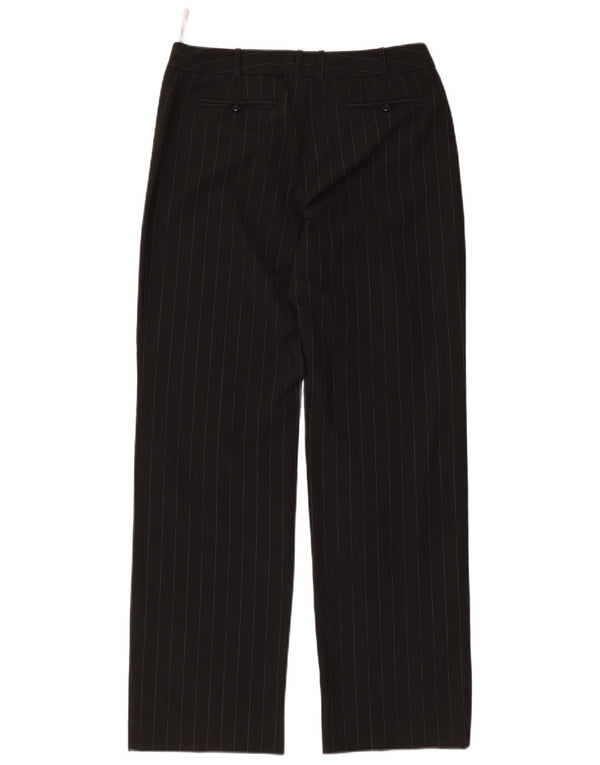 Oasis Pantalon décontracté droit pour femme UK 10 Small W30 L30 Noir à fines rayures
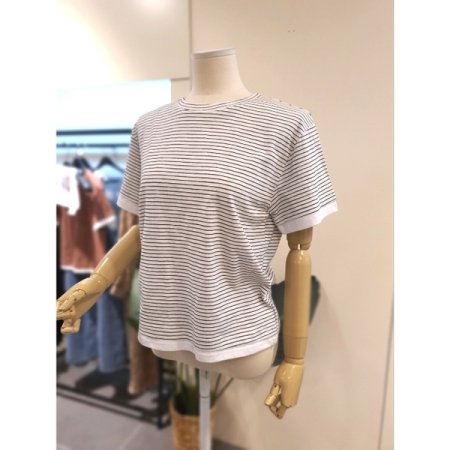 레이어드 스트라이프 티셔츠 화이트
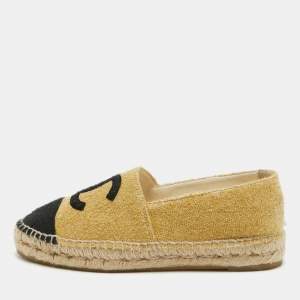 Chanel Gold/Black Tweed CC Espadrille Flats Size 37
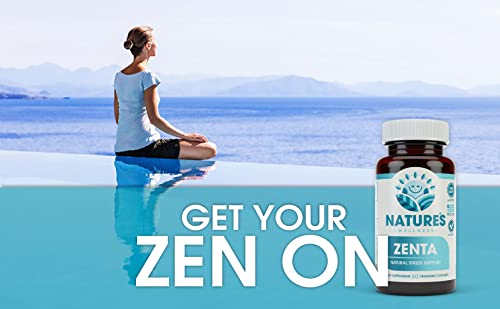 NATURES WELLNESS ZENTA – THE NATURAL RELIEF SUPPLEMENT TO HELP CALM BODY AND MIND | POSITIVE MOOD ENHANCER – INCREASE SEROTONIN LEVELS WITH 5-HTP, ASHWAGANDHA, CHAMOMILE, DMAE | 60 CT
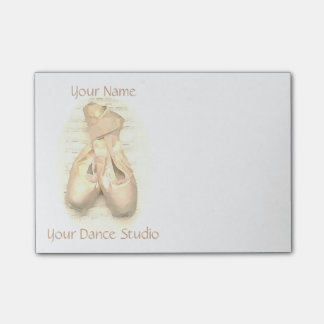 Ballet Pointe Shoes Painted Personalised Post-it Notes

-*-*-

_Work item_: Send back the listing exactly as it stands. Do not include the pictures.

_Response to this exercise_:
 Oasis Pantalon décontracté droit pour femme UK 10 Small W30 L30 Noir à fines rayures
 레이어드 스트라이프 티셔츠 화이트
 Chanel Gold/Black Tweed CC Espadrille Flats Size 37
 NATURES WELLNESS ZENTA – THE NATURAL RELIEF SUPPLEMENT TO HELP CALM BODY AND MIND | POSITIVE MOOD ENHANCER – INCREASE SEROTONIN LEVELS WITH 5-HTP, ASHWAGANDHA, CHAMOMILE, DMAE | 60 CT
 Ballet Pointe Shoes Painted Personalised Post-it Notes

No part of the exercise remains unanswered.